(AIM OF THE TASK) Set down the data again exactly. Pictures are not part of the copy.

(INFORMATION SHOWN)
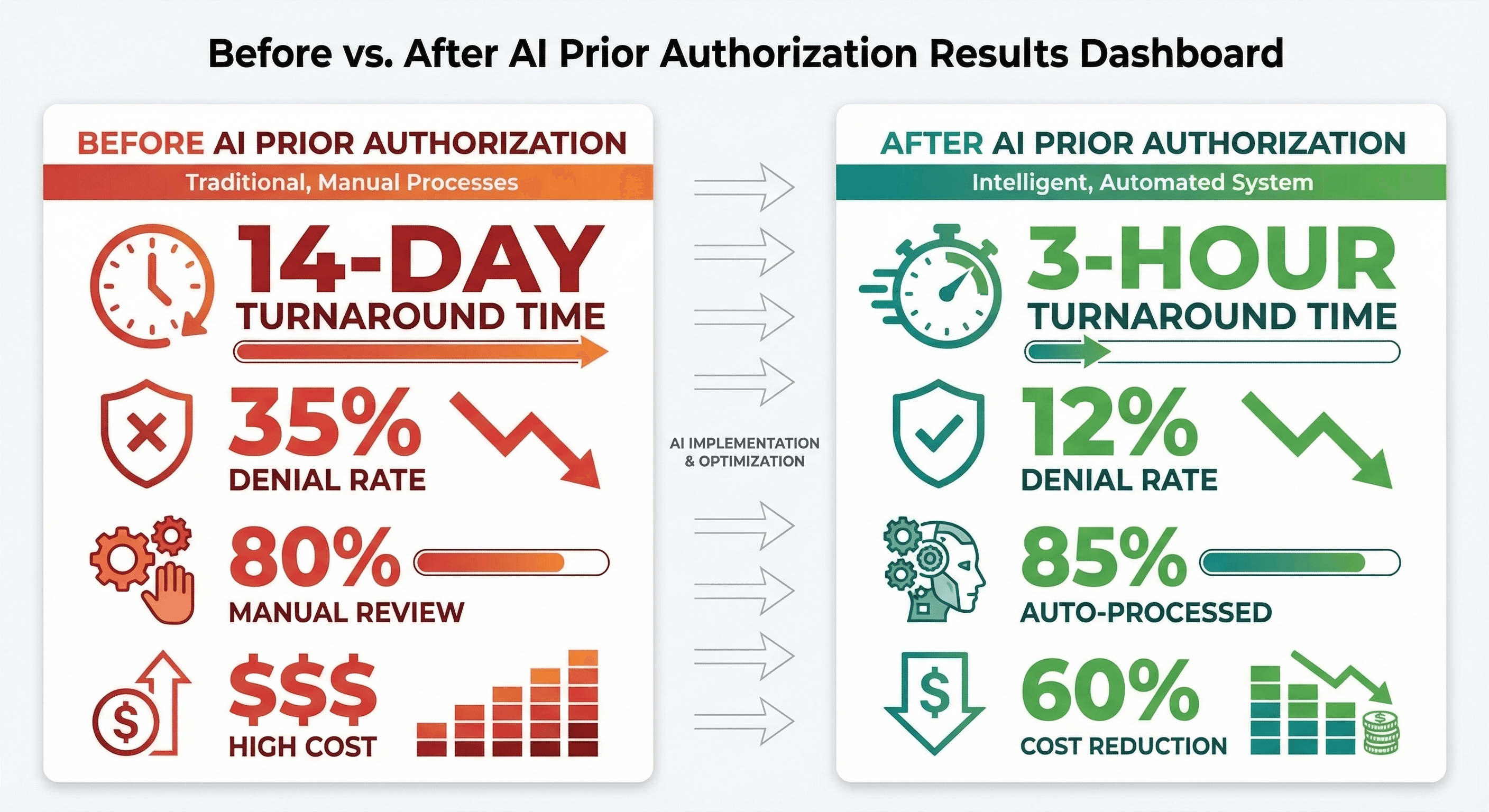 Before vs After Results - Dramatic improvement in turnaround time, denial rate, and costs
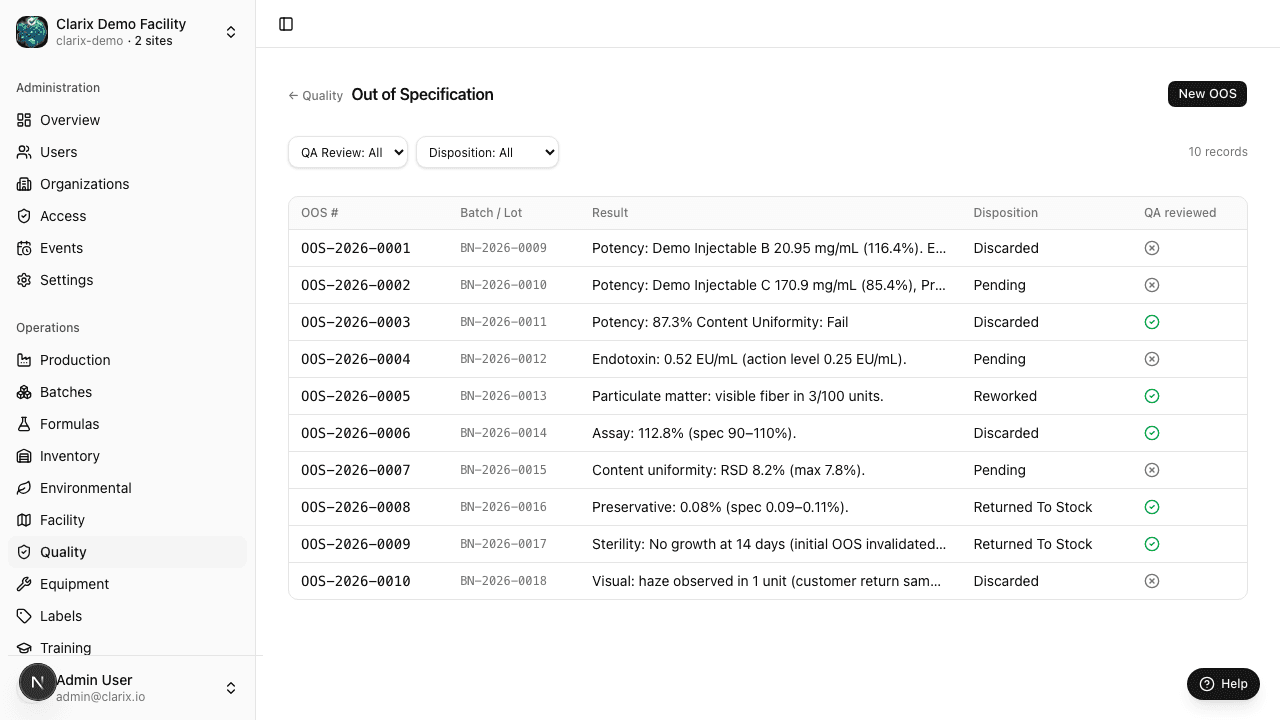 OOS list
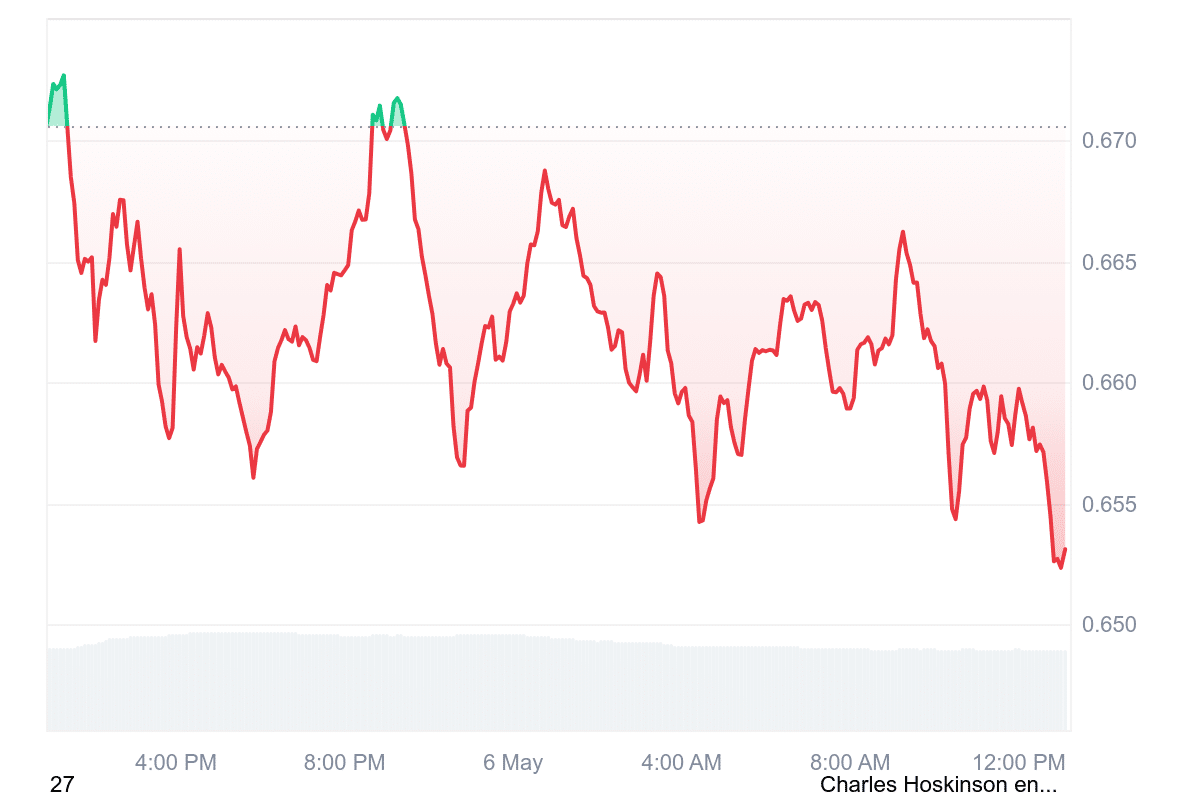 Krypto News: Cardano – Gründer Charles Hoskinson sieht  „100-Billionen-Chance“! Aktien und RWA – bald alles auf Cardano?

(RESULT FOR THIS TASK)
 Before vs After Results - Dramatic improvement in turnaround time, denial rate, and costs
 OOS list
 Krypto News: Cardano – Gründer Charles Hoskinson sieht  „100-Billionen-Chance“! Aktien und RWA – bald alles auf Cardano?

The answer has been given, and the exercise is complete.